## Aim of the exercise
I need the lines below from the one with "Warlord Bolt Action" down to the one with "IBUYKE Square Makeup" reproduced exactly, both ends included, and nothing else.

## Provided records
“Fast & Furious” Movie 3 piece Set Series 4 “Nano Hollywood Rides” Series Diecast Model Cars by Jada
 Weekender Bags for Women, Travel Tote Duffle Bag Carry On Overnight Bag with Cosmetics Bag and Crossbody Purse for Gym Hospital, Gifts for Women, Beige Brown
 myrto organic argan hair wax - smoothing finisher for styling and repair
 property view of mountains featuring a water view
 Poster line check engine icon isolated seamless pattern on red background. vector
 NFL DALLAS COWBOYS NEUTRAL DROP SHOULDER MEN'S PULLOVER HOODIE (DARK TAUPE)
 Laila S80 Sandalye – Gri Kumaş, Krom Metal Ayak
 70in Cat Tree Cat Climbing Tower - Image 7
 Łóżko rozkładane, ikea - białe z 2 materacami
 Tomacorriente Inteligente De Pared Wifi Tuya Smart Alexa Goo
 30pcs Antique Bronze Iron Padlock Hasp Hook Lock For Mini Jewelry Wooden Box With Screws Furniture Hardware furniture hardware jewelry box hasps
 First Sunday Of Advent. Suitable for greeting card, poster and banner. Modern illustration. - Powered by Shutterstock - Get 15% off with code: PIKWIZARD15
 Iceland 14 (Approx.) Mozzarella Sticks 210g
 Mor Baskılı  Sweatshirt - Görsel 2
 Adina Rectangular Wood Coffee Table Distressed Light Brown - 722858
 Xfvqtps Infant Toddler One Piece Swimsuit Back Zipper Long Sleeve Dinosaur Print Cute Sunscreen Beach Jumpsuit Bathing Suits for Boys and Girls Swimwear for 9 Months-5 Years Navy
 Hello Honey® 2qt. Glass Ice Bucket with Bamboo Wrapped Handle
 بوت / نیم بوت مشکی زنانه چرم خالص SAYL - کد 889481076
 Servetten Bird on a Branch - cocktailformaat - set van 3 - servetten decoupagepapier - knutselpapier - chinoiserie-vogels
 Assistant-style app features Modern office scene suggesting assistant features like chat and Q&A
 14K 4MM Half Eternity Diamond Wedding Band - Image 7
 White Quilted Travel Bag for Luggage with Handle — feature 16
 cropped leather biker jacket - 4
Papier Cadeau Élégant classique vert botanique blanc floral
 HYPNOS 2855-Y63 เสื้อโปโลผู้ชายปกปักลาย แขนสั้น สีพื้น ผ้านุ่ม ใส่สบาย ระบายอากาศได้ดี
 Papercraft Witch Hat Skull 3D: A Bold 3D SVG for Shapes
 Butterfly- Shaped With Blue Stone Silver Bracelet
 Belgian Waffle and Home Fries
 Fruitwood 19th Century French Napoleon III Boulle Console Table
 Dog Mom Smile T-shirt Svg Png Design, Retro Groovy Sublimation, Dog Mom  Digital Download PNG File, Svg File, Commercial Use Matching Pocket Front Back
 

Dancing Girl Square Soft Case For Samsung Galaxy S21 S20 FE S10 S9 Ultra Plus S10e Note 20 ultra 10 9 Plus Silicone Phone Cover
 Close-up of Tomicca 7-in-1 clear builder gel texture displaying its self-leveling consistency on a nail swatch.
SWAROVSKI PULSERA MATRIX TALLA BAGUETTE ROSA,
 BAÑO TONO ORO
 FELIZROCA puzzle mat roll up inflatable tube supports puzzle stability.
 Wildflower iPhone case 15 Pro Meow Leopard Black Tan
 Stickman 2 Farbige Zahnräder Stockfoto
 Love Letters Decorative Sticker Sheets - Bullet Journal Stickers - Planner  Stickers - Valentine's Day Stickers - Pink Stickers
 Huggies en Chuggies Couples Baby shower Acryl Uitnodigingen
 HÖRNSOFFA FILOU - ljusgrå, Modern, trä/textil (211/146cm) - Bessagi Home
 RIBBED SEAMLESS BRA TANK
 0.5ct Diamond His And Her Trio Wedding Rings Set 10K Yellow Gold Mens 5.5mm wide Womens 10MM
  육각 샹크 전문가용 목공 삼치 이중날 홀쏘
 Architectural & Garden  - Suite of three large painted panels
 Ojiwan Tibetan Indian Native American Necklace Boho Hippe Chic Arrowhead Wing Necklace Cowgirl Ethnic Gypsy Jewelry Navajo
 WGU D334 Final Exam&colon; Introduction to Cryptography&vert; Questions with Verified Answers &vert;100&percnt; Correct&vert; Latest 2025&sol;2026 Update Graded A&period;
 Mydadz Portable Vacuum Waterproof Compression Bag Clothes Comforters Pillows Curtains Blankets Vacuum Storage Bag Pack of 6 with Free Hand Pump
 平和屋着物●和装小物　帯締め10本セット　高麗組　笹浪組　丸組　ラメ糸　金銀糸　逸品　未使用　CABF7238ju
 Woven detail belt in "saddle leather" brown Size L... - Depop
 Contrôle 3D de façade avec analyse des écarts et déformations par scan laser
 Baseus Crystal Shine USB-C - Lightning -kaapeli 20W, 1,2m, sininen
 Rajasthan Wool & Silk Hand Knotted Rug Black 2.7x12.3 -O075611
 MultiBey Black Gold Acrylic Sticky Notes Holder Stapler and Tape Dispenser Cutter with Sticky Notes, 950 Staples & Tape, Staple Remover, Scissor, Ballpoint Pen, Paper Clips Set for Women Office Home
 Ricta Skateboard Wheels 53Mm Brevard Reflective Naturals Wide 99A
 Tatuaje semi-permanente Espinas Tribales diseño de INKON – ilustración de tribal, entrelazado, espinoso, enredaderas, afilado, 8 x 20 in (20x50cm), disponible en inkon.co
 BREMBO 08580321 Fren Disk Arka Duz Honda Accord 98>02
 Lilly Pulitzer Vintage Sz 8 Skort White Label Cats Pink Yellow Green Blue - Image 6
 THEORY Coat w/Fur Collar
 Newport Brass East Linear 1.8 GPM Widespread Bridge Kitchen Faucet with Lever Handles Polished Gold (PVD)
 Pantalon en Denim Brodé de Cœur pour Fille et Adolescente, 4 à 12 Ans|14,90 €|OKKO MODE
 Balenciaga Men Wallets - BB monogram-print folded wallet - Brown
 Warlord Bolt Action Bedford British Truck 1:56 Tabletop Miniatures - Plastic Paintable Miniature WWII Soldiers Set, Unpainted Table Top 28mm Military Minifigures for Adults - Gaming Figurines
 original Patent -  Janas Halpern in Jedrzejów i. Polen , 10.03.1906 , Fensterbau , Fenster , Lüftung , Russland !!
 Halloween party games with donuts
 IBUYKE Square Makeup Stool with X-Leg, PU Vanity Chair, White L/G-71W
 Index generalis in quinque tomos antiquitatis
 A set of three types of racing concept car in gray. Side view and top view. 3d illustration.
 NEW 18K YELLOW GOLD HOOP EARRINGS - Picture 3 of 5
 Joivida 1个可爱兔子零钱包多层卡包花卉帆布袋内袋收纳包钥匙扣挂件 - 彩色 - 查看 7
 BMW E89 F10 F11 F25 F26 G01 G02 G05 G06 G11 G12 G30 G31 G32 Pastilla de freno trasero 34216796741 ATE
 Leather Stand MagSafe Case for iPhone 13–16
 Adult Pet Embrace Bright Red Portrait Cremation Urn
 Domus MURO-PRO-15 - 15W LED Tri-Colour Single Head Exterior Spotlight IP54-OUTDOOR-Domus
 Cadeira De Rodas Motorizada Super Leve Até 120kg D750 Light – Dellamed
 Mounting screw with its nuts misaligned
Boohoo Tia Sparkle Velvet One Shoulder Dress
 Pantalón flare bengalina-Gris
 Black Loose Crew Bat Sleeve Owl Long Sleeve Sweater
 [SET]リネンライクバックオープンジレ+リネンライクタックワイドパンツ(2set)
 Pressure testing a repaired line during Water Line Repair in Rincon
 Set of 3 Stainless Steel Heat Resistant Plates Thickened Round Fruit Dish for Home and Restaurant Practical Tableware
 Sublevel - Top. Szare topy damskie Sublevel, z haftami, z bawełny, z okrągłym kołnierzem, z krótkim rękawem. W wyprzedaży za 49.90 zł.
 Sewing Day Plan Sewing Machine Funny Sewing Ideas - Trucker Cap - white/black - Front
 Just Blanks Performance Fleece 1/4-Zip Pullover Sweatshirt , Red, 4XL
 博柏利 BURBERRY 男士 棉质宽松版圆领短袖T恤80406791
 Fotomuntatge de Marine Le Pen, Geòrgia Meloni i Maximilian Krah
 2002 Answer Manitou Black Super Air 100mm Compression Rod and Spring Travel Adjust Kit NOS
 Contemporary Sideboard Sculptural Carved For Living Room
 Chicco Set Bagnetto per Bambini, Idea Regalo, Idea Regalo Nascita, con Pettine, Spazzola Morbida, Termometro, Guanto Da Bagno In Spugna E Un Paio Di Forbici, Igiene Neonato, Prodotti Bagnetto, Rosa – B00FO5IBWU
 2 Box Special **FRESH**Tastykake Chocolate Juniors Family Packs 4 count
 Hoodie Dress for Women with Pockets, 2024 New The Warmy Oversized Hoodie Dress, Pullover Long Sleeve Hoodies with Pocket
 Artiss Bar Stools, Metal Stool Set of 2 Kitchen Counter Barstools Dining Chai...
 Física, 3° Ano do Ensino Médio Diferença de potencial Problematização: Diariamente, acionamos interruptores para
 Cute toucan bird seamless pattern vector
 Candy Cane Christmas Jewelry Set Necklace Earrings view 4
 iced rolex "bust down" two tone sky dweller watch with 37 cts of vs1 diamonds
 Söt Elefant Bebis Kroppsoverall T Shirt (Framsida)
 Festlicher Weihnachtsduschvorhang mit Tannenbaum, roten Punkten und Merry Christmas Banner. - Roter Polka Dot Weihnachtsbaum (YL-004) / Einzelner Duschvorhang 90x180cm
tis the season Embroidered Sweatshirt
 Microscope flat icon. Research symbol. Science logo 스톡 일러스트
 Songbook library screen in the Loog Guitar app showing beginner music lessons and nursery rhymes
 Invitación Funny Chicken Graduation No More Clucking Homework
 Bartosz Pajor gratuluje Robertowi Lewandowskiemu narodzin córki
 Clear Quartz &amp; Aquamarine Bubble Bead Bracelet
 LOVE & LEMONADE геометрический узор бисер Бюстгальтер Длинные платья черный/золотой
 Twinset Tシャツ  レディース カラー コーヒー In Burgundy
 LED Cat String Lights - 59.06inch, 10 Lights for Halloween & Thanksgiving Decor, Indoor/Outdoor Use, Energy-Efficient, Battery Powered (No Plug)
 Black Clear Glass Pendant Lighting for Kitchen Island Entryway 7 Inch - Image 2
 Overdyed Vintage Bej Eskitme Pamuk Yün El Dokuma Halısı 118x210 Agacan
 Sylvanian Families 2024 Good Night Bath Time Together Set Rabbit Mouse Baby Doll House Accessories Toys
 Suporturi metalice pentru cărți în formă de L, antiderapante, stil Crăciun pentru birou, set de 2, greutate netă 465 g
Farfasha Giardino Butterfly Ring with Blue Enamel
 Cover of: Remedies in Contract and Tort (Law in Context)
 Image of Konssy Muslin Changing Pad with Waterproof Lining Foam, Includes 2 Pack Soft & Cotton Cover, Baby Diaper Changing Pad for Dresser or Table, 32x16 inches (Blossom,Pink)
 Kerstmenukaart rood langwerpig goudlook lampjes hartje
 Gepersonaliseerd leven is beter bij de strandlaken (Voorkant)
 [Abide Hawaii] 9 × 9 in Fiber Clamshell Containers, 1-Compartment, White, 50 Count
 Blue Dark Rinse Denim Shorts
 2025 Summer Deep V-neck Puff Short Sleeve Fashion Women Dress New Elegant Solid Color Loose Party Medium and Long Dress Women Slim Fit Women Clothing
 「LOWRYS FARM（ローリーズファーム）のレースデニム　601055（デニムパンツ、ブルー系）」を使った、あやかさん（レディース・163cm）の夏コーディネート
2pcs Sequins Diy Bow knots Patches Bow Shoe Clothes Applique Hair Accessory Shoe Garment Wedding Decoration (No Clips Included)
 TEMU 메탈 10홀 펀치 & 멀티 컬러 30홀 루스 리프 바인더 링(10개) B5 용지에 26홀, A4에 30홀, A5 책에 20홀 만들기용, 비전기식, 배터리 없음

## Result below
 Warlord Bolt Action Bedford British Truck 1:56 Tabletop Miniatures - Plastic Paintable Miniature WWII Soldiers Set, Unpainted Table Top 28mm Military Minifigures for Adults - Gaming Figurines
 original Patent -  Janas Halpern in Jedrzejów i. Polen , 10.03.1906 , Fensterbau , Fenster , Lüftung , Russland !!
 Halloween party games with donuts
 IBUYKE Square Makeup Stool with X-Leg, PU Vanity Chair, White L/G-71W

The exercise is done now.